Parents sign up to discuss books with Hudnut

By Allison Hamburger

For the past 10 years, about 50 parents have had an annual tradition of joining President Thomas C. Hudnut to discuss literature. They each read a book that Hudnut has selected and then meet to socialize and discuss the book. And it is all for a good cause.

The book club began because of Hudnut’s remarks on his summer reading at the first Parent Association meeting of the year.

“People professed that to be interesting, and someone suggested that I should start a book club in the spring, so we started putting that into the auction that was part of the Annual Event,” Hudnut said.

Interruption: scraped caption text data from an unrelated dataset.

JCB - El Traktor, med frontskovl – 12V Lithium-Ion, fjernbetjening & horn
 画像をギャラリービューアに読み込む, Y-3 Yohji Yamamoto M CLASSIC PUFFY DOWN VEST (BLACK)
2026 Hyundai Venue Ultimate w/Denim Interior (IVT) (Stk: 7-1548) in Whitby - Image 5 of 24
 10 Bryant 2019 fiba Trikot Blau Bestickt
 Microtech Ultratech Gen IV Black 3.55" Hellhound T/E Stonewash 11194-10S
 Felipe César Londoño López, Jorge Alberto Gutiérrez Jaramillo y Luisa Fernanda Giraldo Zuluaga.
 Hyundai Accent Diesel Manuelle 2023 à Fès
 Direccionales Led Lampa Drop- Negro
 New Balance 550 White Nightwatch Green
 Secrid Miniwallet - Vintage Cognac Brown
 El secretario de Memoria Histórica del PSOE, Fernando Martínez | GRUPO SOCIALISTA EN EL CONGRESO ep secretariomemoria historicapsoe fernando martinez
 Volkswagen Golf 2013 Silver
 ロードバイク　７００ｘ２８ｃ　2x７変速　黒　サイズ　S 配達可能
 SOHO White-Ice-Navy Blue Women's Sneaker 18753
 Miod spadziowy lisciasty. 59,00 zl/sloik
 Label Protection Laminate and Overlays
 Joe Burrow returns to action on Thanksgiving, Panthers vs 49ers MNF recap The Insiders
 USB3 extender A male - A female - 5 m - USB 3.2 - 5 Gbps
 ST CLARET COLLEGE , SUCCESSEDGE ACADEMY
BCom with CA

The book club is now listed in the Party Book instead, which fundraises for financial aid.

The annual book meeting has been hosted at the Sokoloff family’s home (Teddy ’15, Lara ’12, Emma ’09, Zack ’07) every year. This year’s meeting, on May 12, centered around “Unbroken” by Laura Hillenbrand, which was very popular among the parents, which is not always the case, Hudnut said. Previous selections include “A Matter of Justice” by Charles Todd and “The Spies of Warsaw” by Alan Furst.

Co-chair of Party Book Beth Kleid (Emma Graham ’15, Tyler Graham ’15) attributes the book club’s yearly success to the book choice, but also to Hudnut’s reputation of leading the book club well. Party Book initially posted the event without Hudnut’s book selection, which still drew many people, she said. Kleid works with Hudnut and Sheryl Sokoloff to organize the event.

“He’s really great because he asks insightful questions, elicits great comments and involves people in the discussion,” Kleid said. Hudnut said he did not have much experience with book clubs prior to the first Harvard-Westlake one 10 years ago.

“I’ve never been an English teacher, never taken an English course in college. In fact, I don’t know anything about leading a book group,” Hudnut said. “But I’m able to lead a discussion about the book and place it in its historical or philosophical context.”

Sokoloff said that there are many parents who return to the club year after year.

“I think they like to come and see Tom in a very personal, smaller setting,” Sokoloff said. The Party Book was created two years ago and aims to build community, Kleid said.

“I think it’s one of most successful [Party Book events] because it brings a lot of different types of parents together … for an intellectual reason, and you also get to learn about people in a different way,” Kleid said. Hudnut hopes that parents enjoy the evening and the discussion.

“It’s a chance for all of us to get to know each other a little better in an informal setting, with a common topic for discussion, in a nice setting provided by some very thoughtful people,” Hudnut said.